Passiamo all’esplorazione: sappiate che Seiren è l’ambientazione più grande mai vista nella serie, infatti YS VIII risulta anche il capitolo più longevo, una sessantina d’ore per completarlo (anche se ne ho passate molte di più per finirlo al 100% in modalità Inferno). Come già detto, tante sono le ambientazioni che andremo a perlustrare, con una progressione a volte semi libera, la quale prevede una spruzzata di Metroidvania, che male non fa. L’esplorazione resta comunque legata a doppio filo con il progredire della storia, ci sono alcuni punti obbligatori da passare prima di poter progredire, non certo un difetto in un titolo che non vuole essere un open world. Trovandoci su un’isola disabitata o presunta tale, al contrario di altri jrpg dove potete visitare villaggi e città, qui avrete come unico punto di riferimento l’accampamento che costruirete e amplierete grazie all’aiuto degli altri naufraghi che man mano incontrerete durante le vostre escursioni. Si respira molto la sensazione di far parte di un gruppo di sopravvissuti che cerca di fare di tutto per tornare alla vecchia vita. Guarda caso ogni NPC che salverete si rivelerà talentuoso in qualcosa di utile per lo sviluppo del vostro accampamento: dottori, fabbri, cuochi, sarti etc., insomma, non mancheranno le figure chiave per costituire una piccola comunità. A qualcuno sarà venuto in mente Suikoden, e direi che non ha tutti i torti. Durante la vostra avventura vi capiterà di dover tornare in fretta e furia al vostro accampamento per difenderlo da ondate di nemici, in eventi assimilabili ai musou, o allo stesso modo di andare a liberare dai mostri delle zone già esplorate dell’isola, talvolta anche in notturna. Ho sinceramente apprezzato queste variazioni sul tema, parecchio concitate e stimolanti da completare con il massimo grado (senza contare i premi considerevoli). Sicuramente meglio delle classiche side quest di alcuni giochi, tipo “Vai a cacciare 10 cinghiali perché ho fame” o “Raccogli 20 pelli perché ho freddo”. Altro “mini-game” è rappresentato dalla pesca, che solitamente non mi entusiasma in nessun gioco, ma qui l’hanno resa veloce (questione di secondi) e da sempre qualcosa di utile; in questo modo sono riuscito ad apprezzata.

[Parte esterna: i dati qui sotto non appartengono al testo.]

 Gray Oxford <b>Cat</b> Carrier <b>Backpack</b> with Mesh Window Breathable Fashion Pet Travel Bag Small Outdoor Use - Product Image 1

Un’altra importante freccia all’arco di Lacrimosa of Dana è il comparto sonoro: Nihom Falcom nel suo piccolo è famosa per le OST rock/metal/sinfoniche composte dal sul team dedicato, la J.D.K. band. E’ vero che con me giocano in casa, ho sempre amato questo tipo di musica, ma oserei dire che, a meno che proprio non si odi il genere, è difficile non galvanizzarsi con l’ascolto dei brani che vi accompagneranno durante le sessioni a YS VIII. Pensate anche solo alla musica che vi farà da sottofondo durante la primissima esplorazione della spiaggia dell’isola, Sunshine Coastline: già solo questo pezzo riesce a trasmettere “avventurosità” a livelli incredibili, impossibile non esaltarsi.
Io do moltissima importanza alle OST nei giochi, mi cambiano completamente la prospettiva di quello che vedo a schermo. Lacrimosa of Dana anche sotto questo aspetto mi ha stregato, e personalmente continuo anche a distanza di anni a risentirmi i brani di questa OST, un lavoro davvero eccellente.

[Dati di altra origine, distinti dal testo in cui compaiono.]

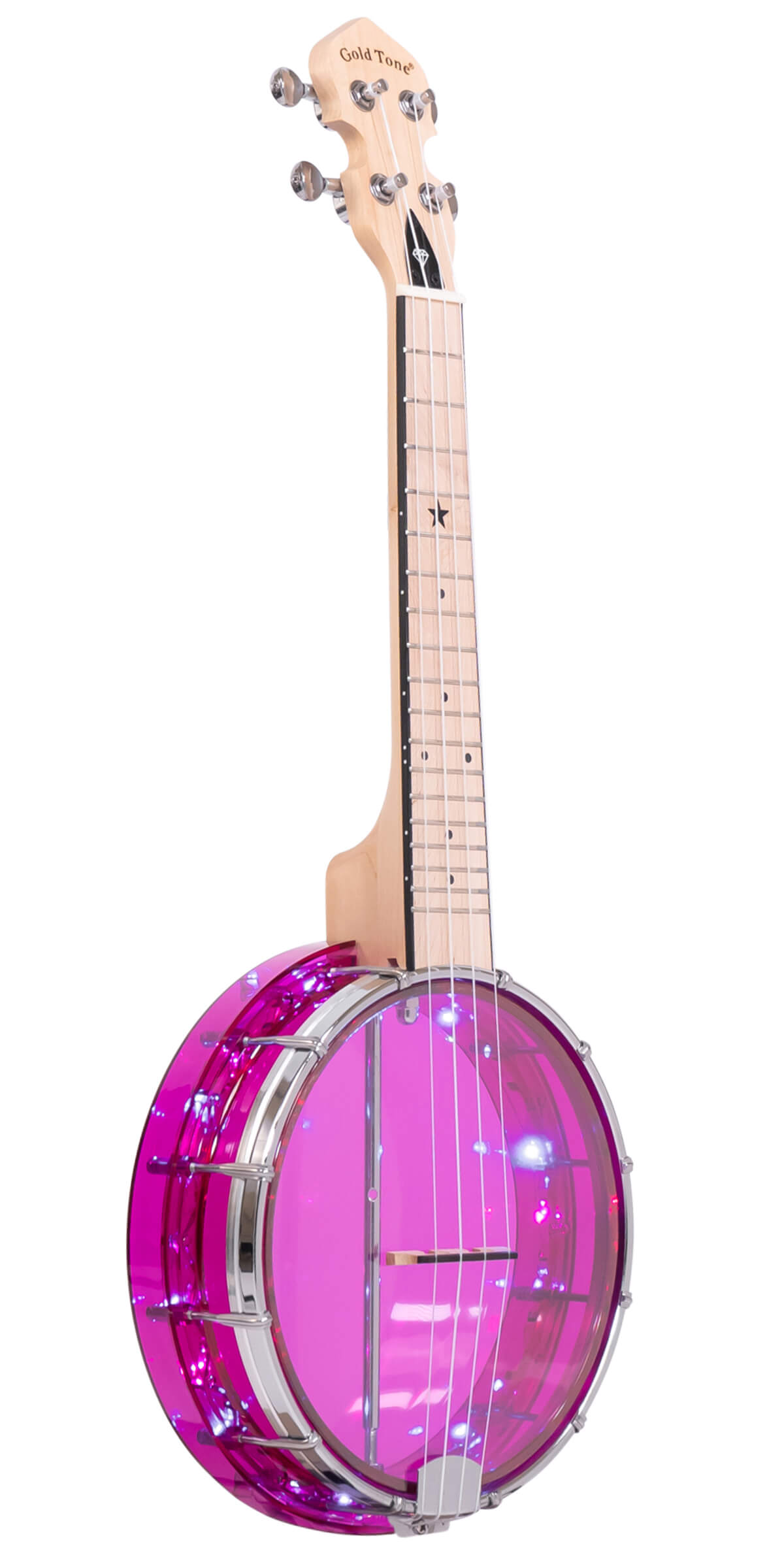 Little Gem (Amethyst): See-Through Banjo-Ukulele with Bag | Gold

Noterete che su Steam, rispetto al suo seguito (che non ho ancora giocato), Lacrimosa of Dana presenta un positive rate inferiore nelle valutazioni, circa 10 punti percentuali in meno, assestandosi sull’86% di recensioni positive sul totale. Questo è dovuto quasi esclusivamente al fatto che la conversione per pc presentava al lancio problemi, bug, crash e quant’altro, risolti solo nei mesi successivi. Ora è tutto sistemato e perfettamente giocabile, anzi, ormai grazie al pack di texture HD la versione pc è diventata quella migliore, ma la frittata ormai era già stata fatta, vi chiedo solo di considerare il momento in cui è stata fatta una recensione se volete leggervi altri pareri, perché di problemi tecnici non ce ne sono più da anni ormai.
Quindi in estrema sintesi cosa ha reso speciale per me YS VIII: Lacrimosa of Dana? Tre cose: combat system godurioso, OST stellare e… Dana, personaggio adorabile. Non fossilizzatevi sull’arretratezza grafica, così facendo rischiate di perdervi quella che anche voi potreste ritenere una delle più belle perle videoludiche degli ultimi anni.